Quién se acuerda de Valdivia, quién se acuerda de la falta de gol, de los yerros de Bravo y de los problemas de liderazgo. Quién se acuerda de los premios que se negocian. Da igual, si Chile gana, golea y humilla a México por 7-0, se instala en las semifinales de la Copa América Centenario y le señala a todos que nadie le puede quitar el sueño de otra vuelta olímpica continental. Eso fue lo que ofreció la Selección en Santa Clara, con 90 minutos de un fútbol rutilante.
Tenía que aparecer alguna vez el campeón. El 4-2 a Panamá no era el parámetro, pero otra cosa significa enfrentar al combinado azteca en California. Contra un rival duro, contra una tribuna adversa, la Selección mostró su mejor versión desde que Juan Antonio Pizzi tomó el cargo.
Al fin se vio la fuerza colectiva por encima de las individualidades. Las coberturas perfectas, la planificación adecuada. Por las bandas, ahí donde Chile sabía que el partido se definía, las duplas Beausejour-Sánchez y Fuenzalida-Puch funcionaron con orden y osadía. Orden para defender y osadía para pasar al ataque con inteligencia.
Y apareció también ese trío de volantes brillante. Con un Marcelo Díaz casi perfecto, cerebral; un Charles Aránguiz dinámico y preciso; y un Arturo Vidal con el despliegue y el fútbol del mejor jugador del mundo en su puesto. Con estos tres encendidos, es difícil que la Roja juegue mal.
Lo sufrió México, el invicto, el monstruo de Concacaf, el que no perdía hace 22 partido, reducido a su mínima expresión.

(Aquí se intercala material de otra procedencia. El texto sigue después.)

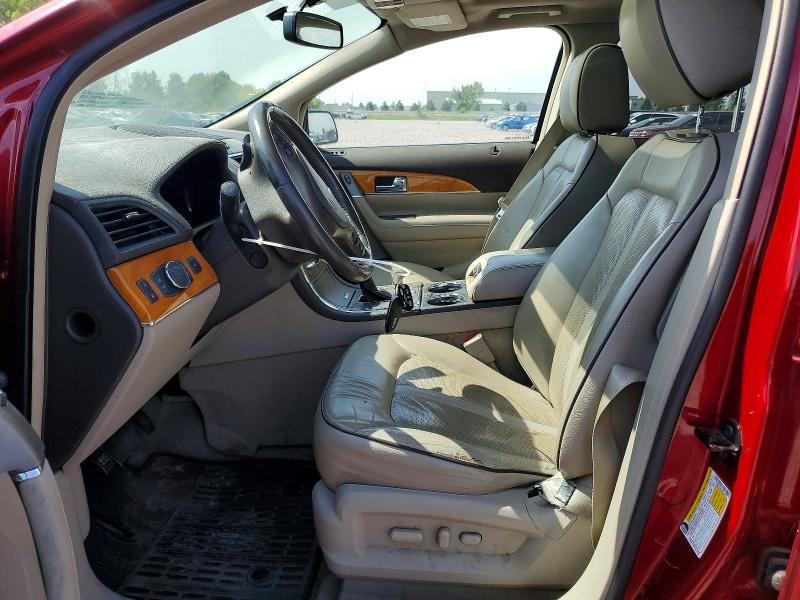 Aukcja sprzedaży 2014 Lincoln Mkx, vin: 2LMDJ8JK8EBL09377, numer aukcji: 55247856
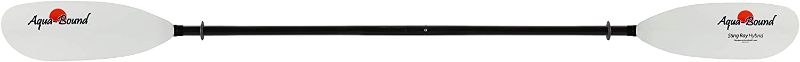 Photo 1 of AQUA BOUND Sting Ray Hybrid 2-Piece Kayak Paddle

Impotente, vio los goles de Edson Puch (16’) y Eduardo Vargas (44’) que sellaron la ventaja apropiada de Chile al final del primer tiempo.
Se vendría lo peor para ellos, en todo caso. Porque Pizzi fue más vivo que Osorio y cambió su estrategia en el inicio del complemento. Había que matar, la yugular del adversario estaba expuesta, y el Equipo de Todos lo entendió. Salió a instalarse en campo azteca, a presionar la salida, y a los 49’ ya estaba con un 3-0 a favor, obra de Alexis.
México se desmoronó, pero la escuadra nacional no tuvo piedad. Esa falta de gol se esfumó, ese abuenamiento con las redes que se insinuó en el partido anterior se consolidó. Y de la mano del talismán, del hombre que jugaba con su madre internada en Santiago. Eduardo Vargas firmó un hat-trick, a los 52 y 57 minutos, para sellar una goleada de proporciones, para pisotear cualquier esperanza norteamericana. Y había más.
El famoso y tan desagradable puto que grita la parcialidad mexicana a los arqueros, se apagó entre la incredulidad y la vergüenza de una galería verde.
Porque en la cancha, simplemente, no había lucha. Sólo una cuenta regresiva para ver a la Selección clasificar a las semifinales de la Copa América. Desde 1998 que México no recibía cinco goles o más, pero Chile estaba hambriento, enrabiado quizás de tantos reproches. Se reflejó en las ganas de Vargas, quien en el minuto 74 extendió su hazaña al póker. Histórico para la Roja, nunca antes visto en la Copa América desde que David Arellano lo hizo hace 90 años.
Comando Puch, para cerrar un partido muy bueno, firmó la humillación con el 7-0 a los 88’. Notable, igualó el mayor triunfo en su bitácora futbolística. Apareció Chile en plenitud. Pizzi, quien ya había sacado de la cancha a Medel y Beausejour para evitar una suspensión por amarillas, se reía solo. No pudo salvar a Vidal, quien se ganó la tarjeta en el primer tiempo y quedó excluido del próximo duelo, ante Colombia. Y ojo con Marcelo Díaz, que salió lesionado.
Apareció el campeón de América, con letras mayúsculas. Para silenciar críticas, para sentar un precedente. Para destruir portadas que decía que en Chile estaba “el pan”. Que lo escuchen Argentina, Estados Unidos y Colombia. Nunca se debe subestimar el corazón de un campeón de verdad. Nunca.